All the patches are independent and may be applied separately in
corresponding subsystems. Or I can take them in bitmap branch, if it's
more convenient.

Yury Norov (6):
smp: optimize smp_call_function_many_cond()
sched/topology: optimize topology_span_sane()
driver core: cpu: optimize print_cpus_isolated()
genirq: optimze irq_do_set_affinity()
cgroup/cpuset: optimize cpuset_mems_allowed_intersects()
tick/common: optimize cpumask_equal() usage

drivers/base/cpu.c | 6 ++++--
kernel/cgroup/cpuset.c | 3 +++
kernel/irq/manage.c | 3 ++-
kernel/sched/topology.c | 2 +-
kernel/smp.c | 5 ++++-
kernel/time/tick-common.c | 15 +++++++++++----
6 files changed, 25 insertions(+), 9 deletions(-)

--
2.40.1



2024-05-13 22:02:18

by Yury Norov

[permalink] [raw]
Subject: [PATCH 1/6] smp: optimize smp_call_function_many_cond()

The function may be called with mask == cpu_online_mask, and in this
case we can use a cheaper cpumask_cooy() instead of cpumask_and().

Signed-off-by: Yury Norov <[email protected]>
---
kernel/smp.c | 5 ++++-
1 file changed, 4 insertions(+), 1 deletion(-)
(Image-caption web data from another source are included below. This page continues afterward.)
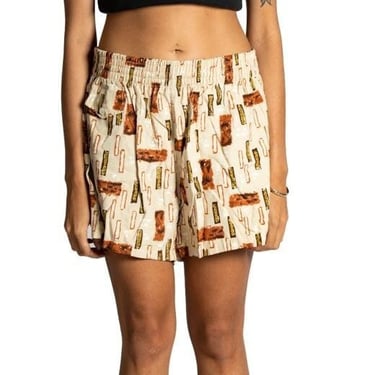 1940S Cream Cold Rayon Kahanamoku Mens Unisex Bathing Suit Shorts With Tiki's And Palm Trees 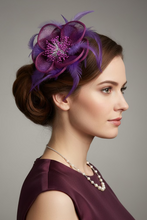 Load image into Gallery viewer, Stunning Purple Fascinator     (FS081)
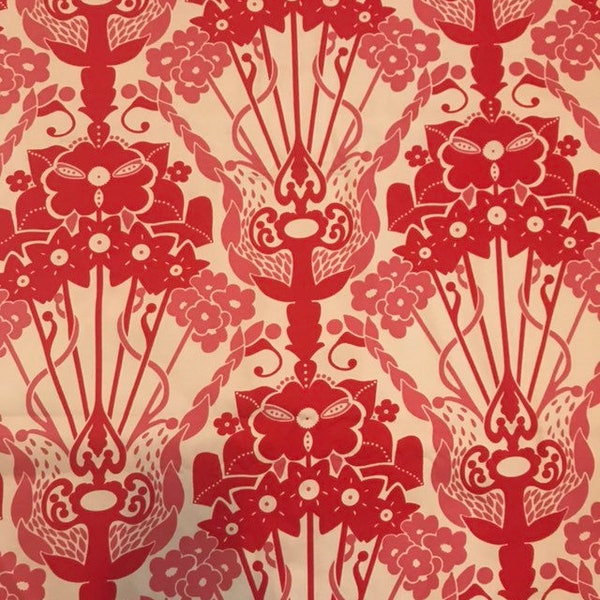 Anna maria horner westminster tessuto salotto nouveau mazzo rosso rosa 1/2 yard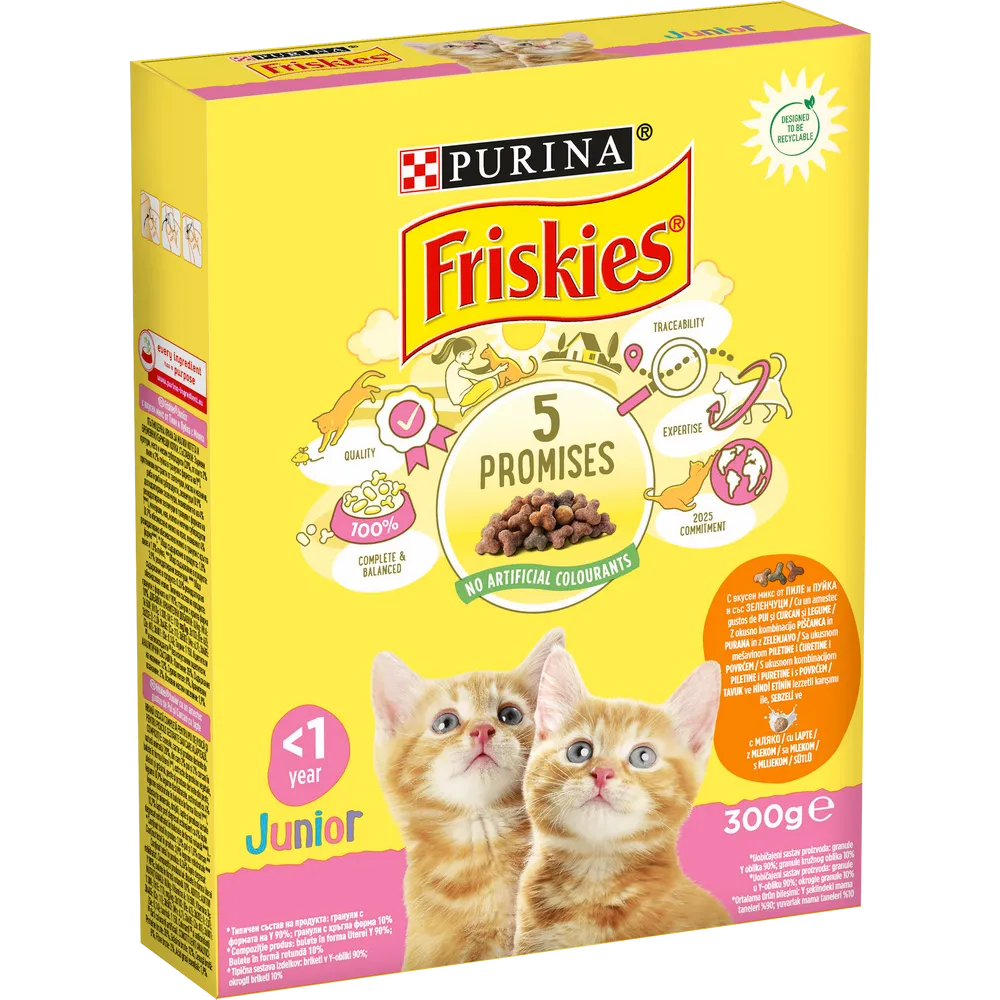 Friskies®Junior, ukusna kombinacija piletine i puretine, s mlijekom i s povrćem, 300 g slika 5
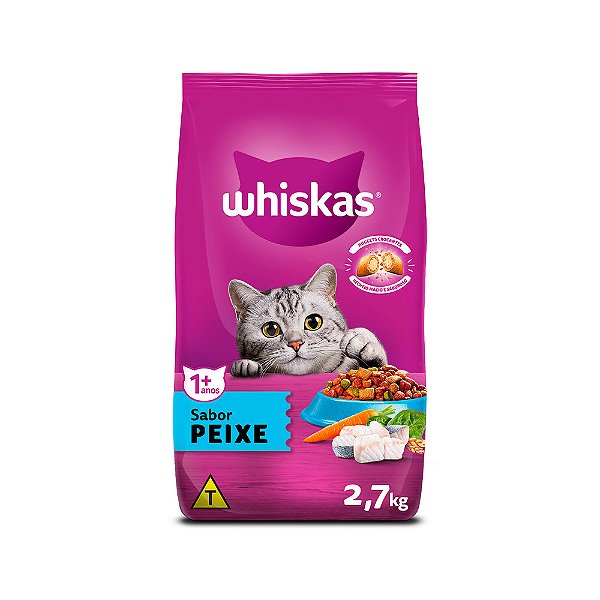 Ração Whiskas Pacoteira Gatos Adultos Peixe 2,7kg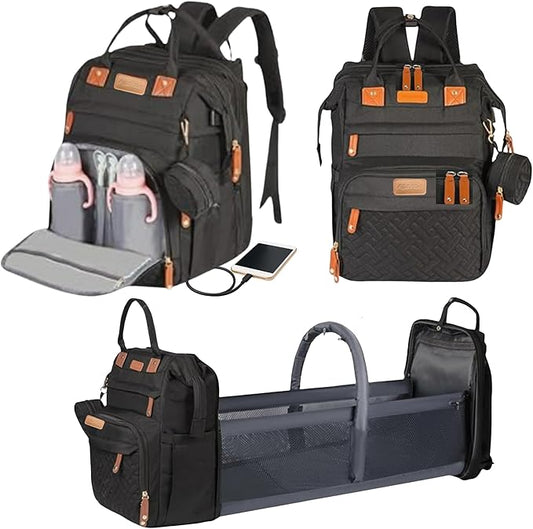 Baby Diaper Bag with Changing Station, Waterproof Diaper Bag Backpack for Mom/Dad, Baby Shower Gifts, w/USB Charging Port, Insulated Bottle Holders & Pacifier Case, XL Storage Backpack, Black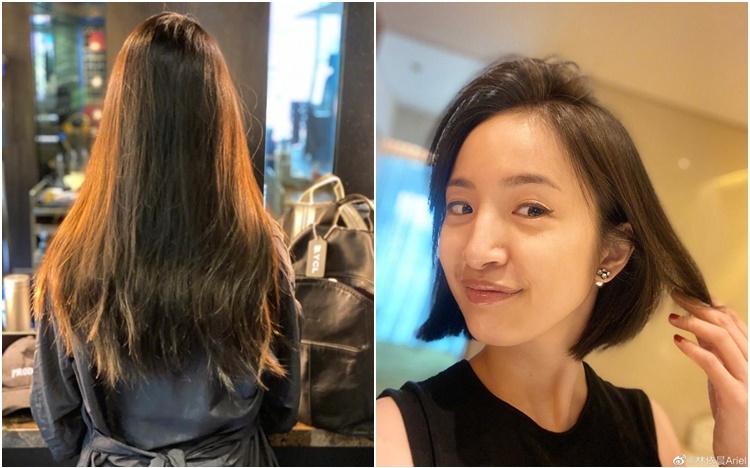 林依晨將一頭長髮剪短後,露出滿意笑容。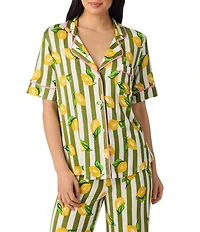 Room Service Lemon Stripe Print Short Sleeve Notch Collar Jersey Knit Long Pajama Set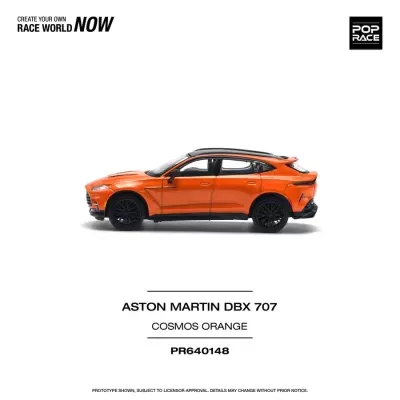 Miniatura do carro Aston Martin DBX 707 laranja Cosmos de perfil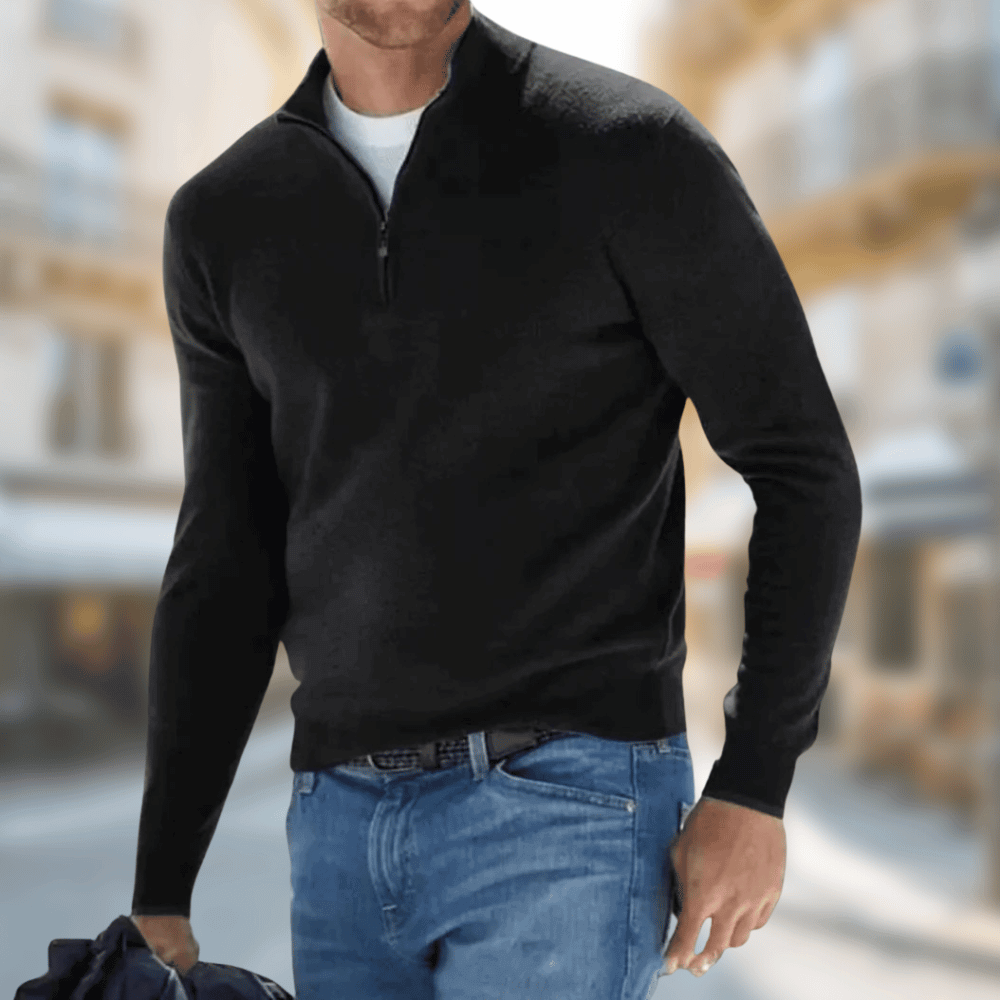 Pull-over Homme Col Zippé Sportif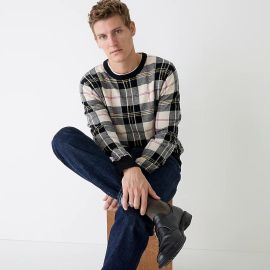 JCrew Cashmere Sweater In Plaid For Men at J. Crew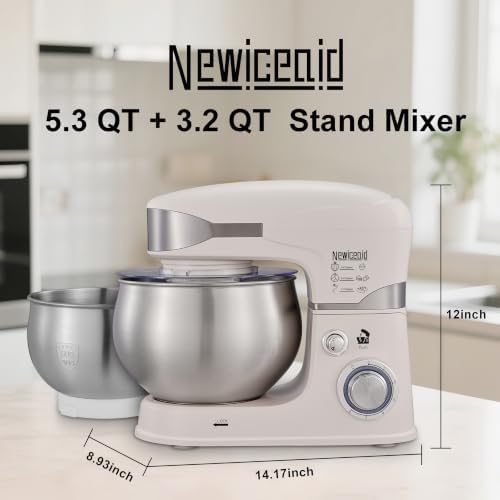 6-Speed 5.3QT+3.2QT Two-Bowl Stand Mixer, Creamy White
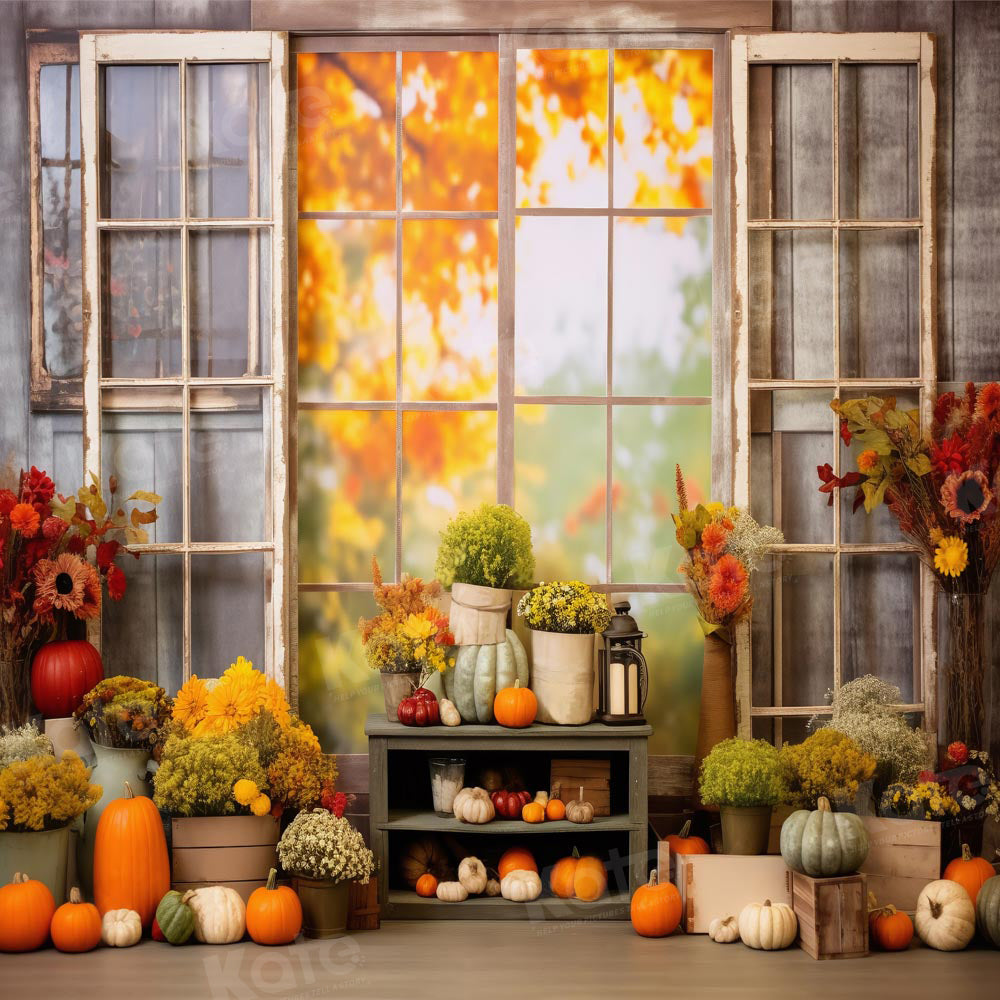 Kate Window Autumn Backdrop Pumpkin Designed by Chain Photography - Kate Backdrop AU
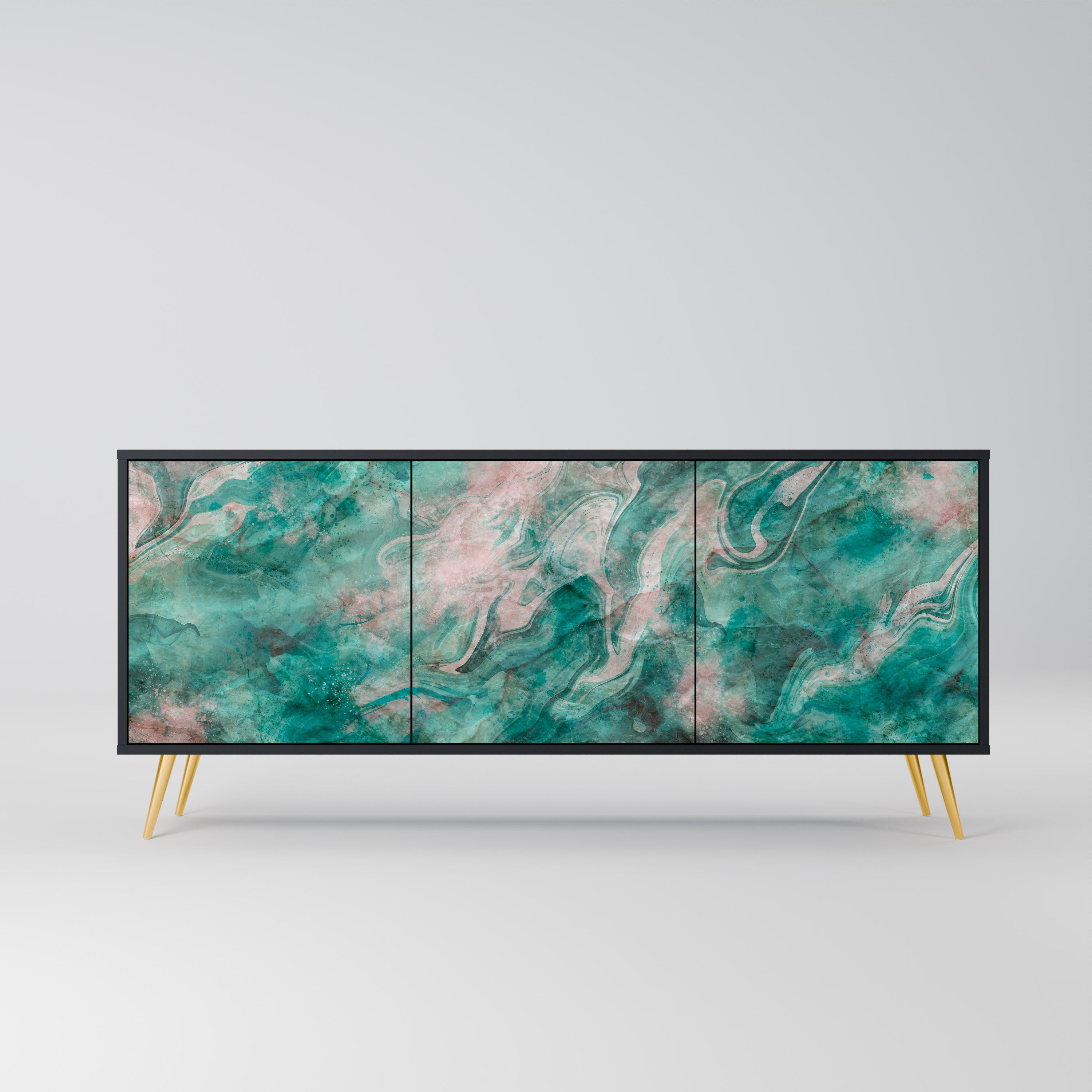 ABSTRACT ALCHEMY 3-Door Sideboard in Black Finish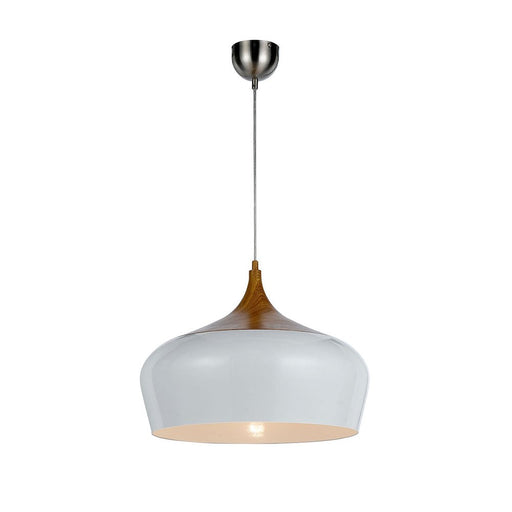 Buy Pendant Lights Australia Polk 1 Light Pendant 460mm Oak & White - POLK PE46-OK+WH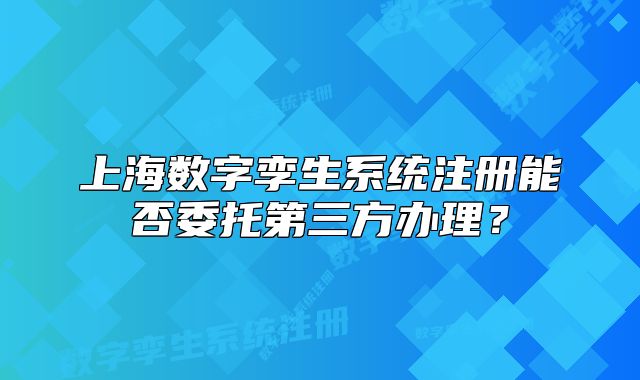 上海數(shù)字孿生系統(tǒng)注冊能否委托第三方辦理？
diff --git a/kernel/smp.c b/kernel/smp.c
index f085ebcdf9e7..6f41214a1b54 100644
--- a/kernel/smp.c
+++ b/kernel/smp.c
@@ -798,7 +798,10 @@ static void smp_call_function_many_cond(const struct cpumask *mask,

if (run_remote) {
cfd = this_cpu_ptr(&cfd_data);
- cpumask_and(cfd->cpumask, mask, cpu_online_mask);
+ if (mask == cpu_online_mask)
+ cpumask_copy(cfd->cpumask, mask);
+ else
+ cpumask_and(cfd->cpumask, mask, cpu_online_mask);
__cpumask_clear_cpu(this_cpu, cfd->cpumask);

cpumask_clear(cfd->cpumask_ipi);
--
2.40.1


2024-05-13 22:02:22

by Yury Norov

[permalink] [raw]
Subject: [PATCH 2/6] sched/topology: optimize topology_span_sane()

The function may call cpumask_equal with tl->mask(cpu) == tl->mask(i),
even though cpu != i. In such case, cpumask_equal() would always return
true, and we can proceed to the next CPU immediately.

Signed-off-by: Yury Norov <[email protected]>
---
kernel/sched/topology.c | 2 +-
1 file changed, 1 insertion(+), 1 deletion(-)

diff --git a/kernel/sched/topology.c b/kernel/sched/topology.c
index 99ea5986038c..eb9eb17b0efa 100644
--- a/kernel/sched/topology.c
+++ b/kernel/sched/topology.c
@@ -2360,7 +2360,7 @@ static bool topology_span_sane(struct sched_domain_topology_level *tl,
* breaks the linking done for an earlier span.
*/
for_each_cpu(i, cpu_map) {
- if (i == cpu)
+ if (i == cpu || tl->mask(cpu) == tl->mask(i))
continue;
/*
* We should 'and' all those masks with 'cpu_map' to exactly
--
2.40.1


2024-05-13 22:02:38

by Yury Norov

[permalink] [raw]
Subject: [PATCH 3/6] driver core: cpu: optimize print_cpus_isolated()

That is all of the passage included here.